When I was a kid, I had a crush on Linus, the character in the “Peanuts” cartoon. Linus had an oppressive older sister, Lucy, whose dictatorial ways he had to manage, sometimes avoiding her, often obeying her, occasionally defying her. He took refuge in his blanket, his constant companion. His reliance on this blanket prompted scorn and mockery from other kids but he would deflect calmly, often obliquely by saying or doing something clever, particularly some sleight of hand with this much-scorned blanket. He would zap a fly out of the air (“Fastest blanket in the West”) or fashion it into a turban as a disguise. He was clear about his limits.
I loved Linus. One of the nicest things my mother ever said to me was that she hoped that one day I would find my “Linus.”

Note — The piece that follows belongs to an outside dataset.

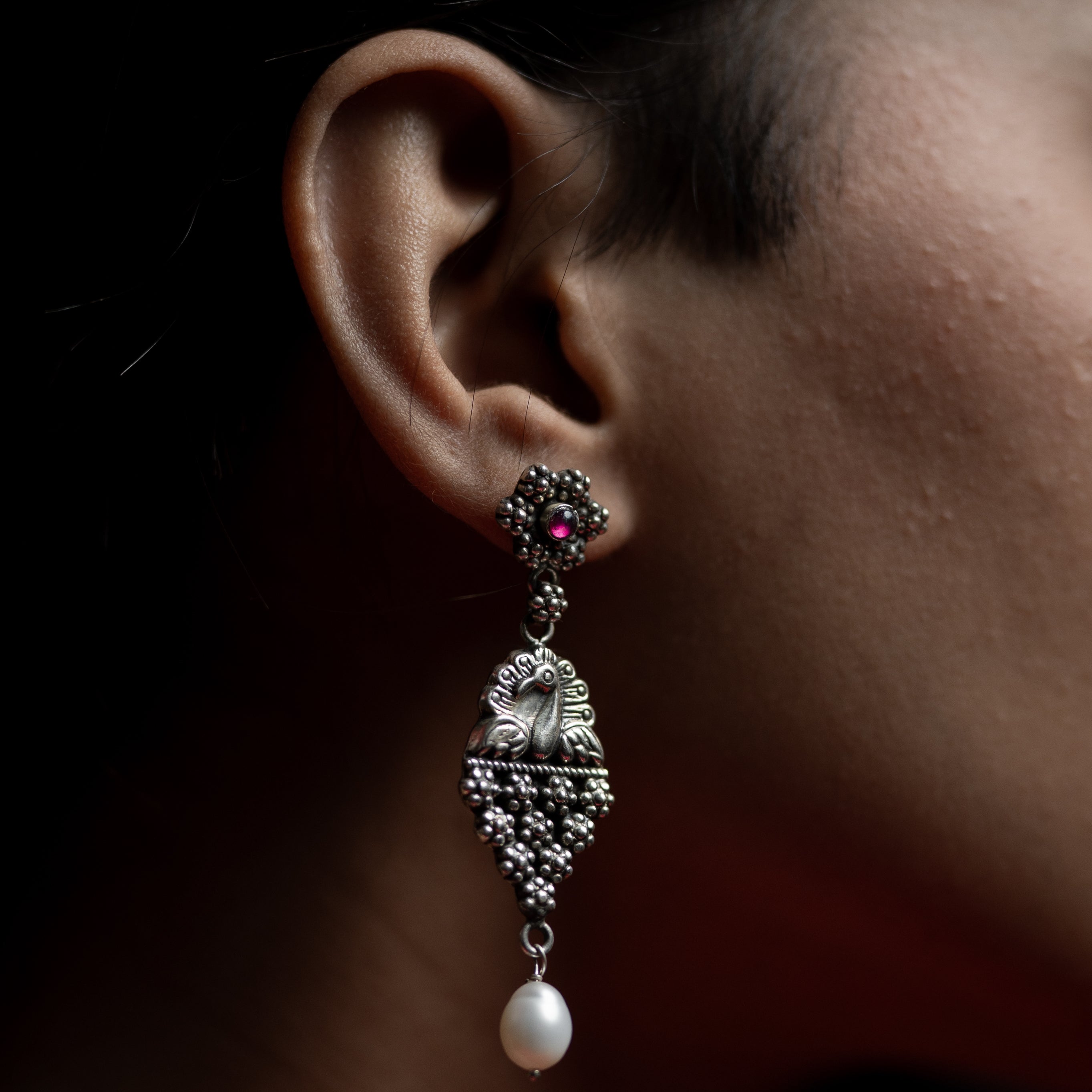 PEEHU EARRING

I think now that Linus was an early role model of Post Traumatic Growth. Skirmishes with his oppressive sister had made him wise and skilled, insightful, and realistic. When he comforts his friend Charlie Brown, he doesn’t lie to him or offer false platitudes but simply points out the facts of the matter. I felt safe with Linus. I felt I could be myself in his presence, as two-dimensional as it was. To me, he was not confined to lines on a page: he was a possibility in real life, a model of resistance that was effective and kind, true to himself. I found comfort in that.